▶ _PROBLEM TO WORK ON_
Would you transcribe exactly the lines from the beginning of the records below through the line with "The application must", both included, omitting the pictures?

▶ _Data excerpts_
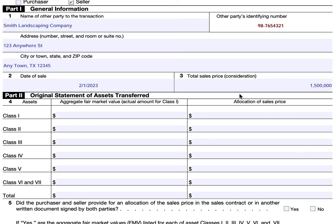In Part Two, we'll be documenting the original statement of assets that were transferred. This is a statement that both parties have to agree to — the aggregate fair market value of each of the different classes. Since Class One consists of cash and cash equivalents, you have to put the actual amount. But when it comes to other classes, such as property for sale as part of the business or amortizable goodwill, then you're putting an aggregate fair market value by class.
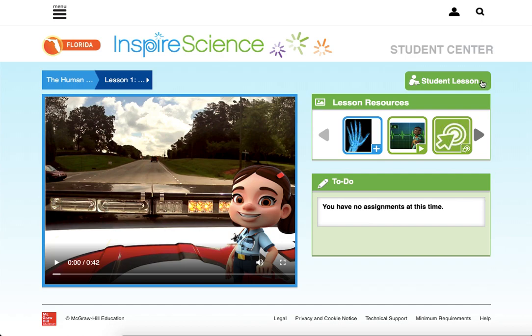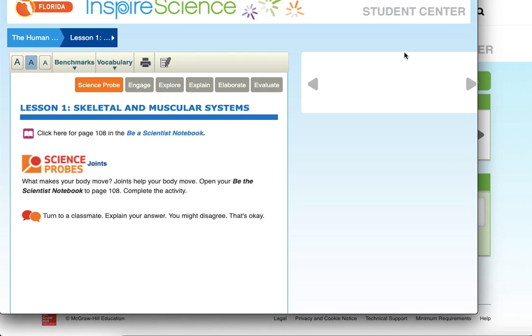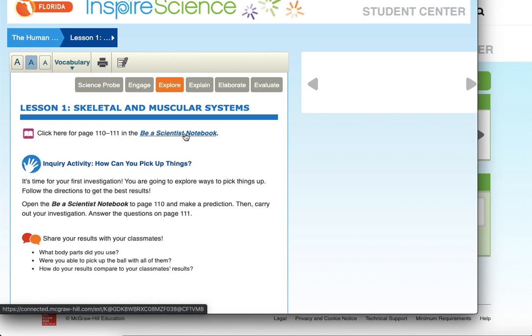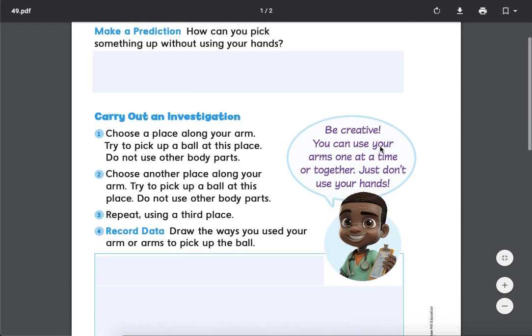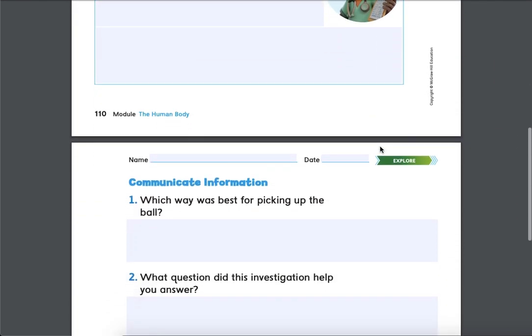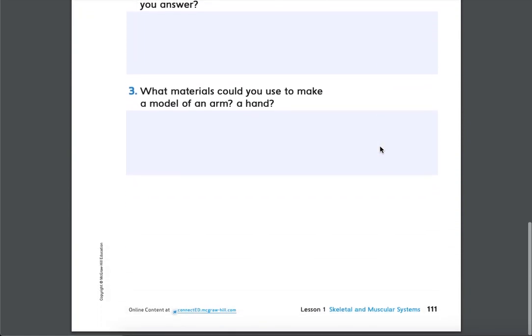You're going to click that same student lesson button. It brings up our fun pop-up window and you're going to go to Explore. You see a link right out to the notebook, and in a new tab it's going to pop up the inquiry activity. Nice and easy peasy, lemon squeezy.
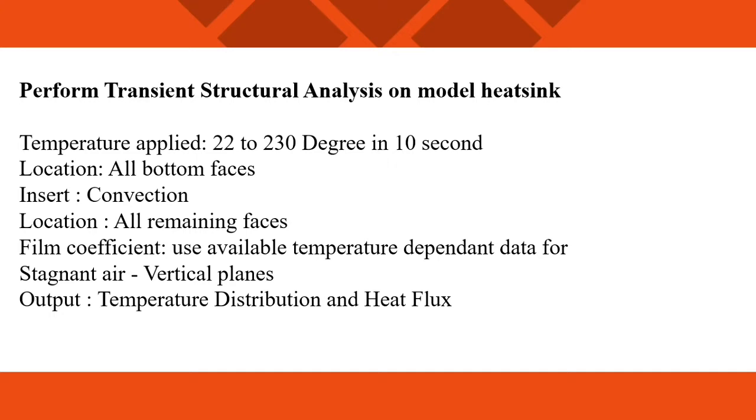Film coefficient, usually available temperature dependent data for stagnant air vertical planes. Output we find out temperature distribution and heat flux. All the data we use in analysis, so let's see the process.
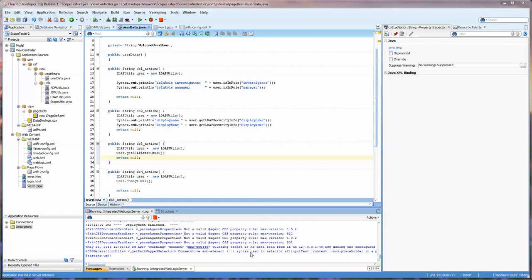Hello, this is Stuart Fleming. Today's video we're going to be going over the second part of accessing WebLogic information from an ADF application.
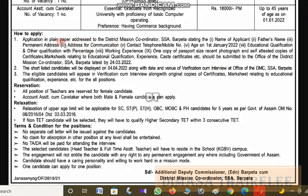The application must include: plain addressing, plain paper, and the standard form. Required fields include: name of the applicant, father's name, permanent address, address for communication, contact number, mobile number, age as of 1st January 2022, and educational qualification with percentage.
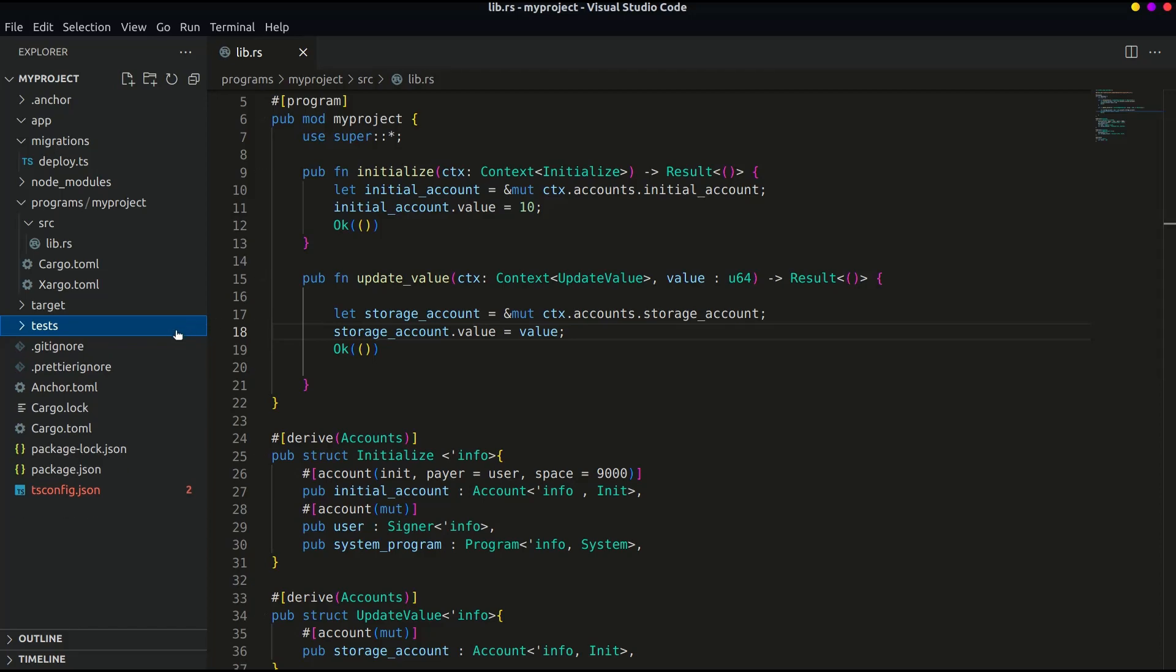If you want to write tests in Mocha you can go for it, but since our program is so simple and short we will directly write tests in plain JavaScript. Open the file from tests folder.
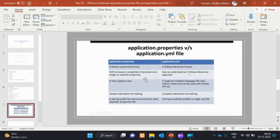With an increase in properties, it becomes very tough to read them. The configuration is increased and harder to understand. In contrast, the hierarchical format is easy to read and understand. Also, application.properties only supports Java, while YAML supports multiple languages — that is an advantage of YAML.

▶ _ANSWER BOX_
In Part Two, we'll be documenting the original statement of assets that were transferred. This is a statement that both parties have to agree to — the aggregate fair market value of each of the different classes. Since Class One consists of cash and cash equivalents, you have to put the actual amount. But when it comes to other classes, such as property for sale as part of the business or amortizable goodwill, then you're putting an aggregate fair market value by class.
You're going to click that same student lesson button. It brings up our fun pop-up window and you're going to go to Explore. You see a link right out to the notebook, and in a new tab it's going to pop up the inquiry activity. Nice and easy peasy, lemon squeezy.
Film coefficient, usually available temperature dependent data for stagnant air vertical planes. Output we find out temperature distribution and heat flux. All the data we use in analysis, so let's see the process.
Hello, this is Stuart Fleming. Today's video we're going to be going over the second part of accessing WebLogic information from an ADF application.
The application must include: plain addressing, plain paper, and the standard form. Required fields include: name of the applicant, father's name, permanent address, address for communication, contact number, mobile number, age as of 1st January 2022, and educational qualification with percentage.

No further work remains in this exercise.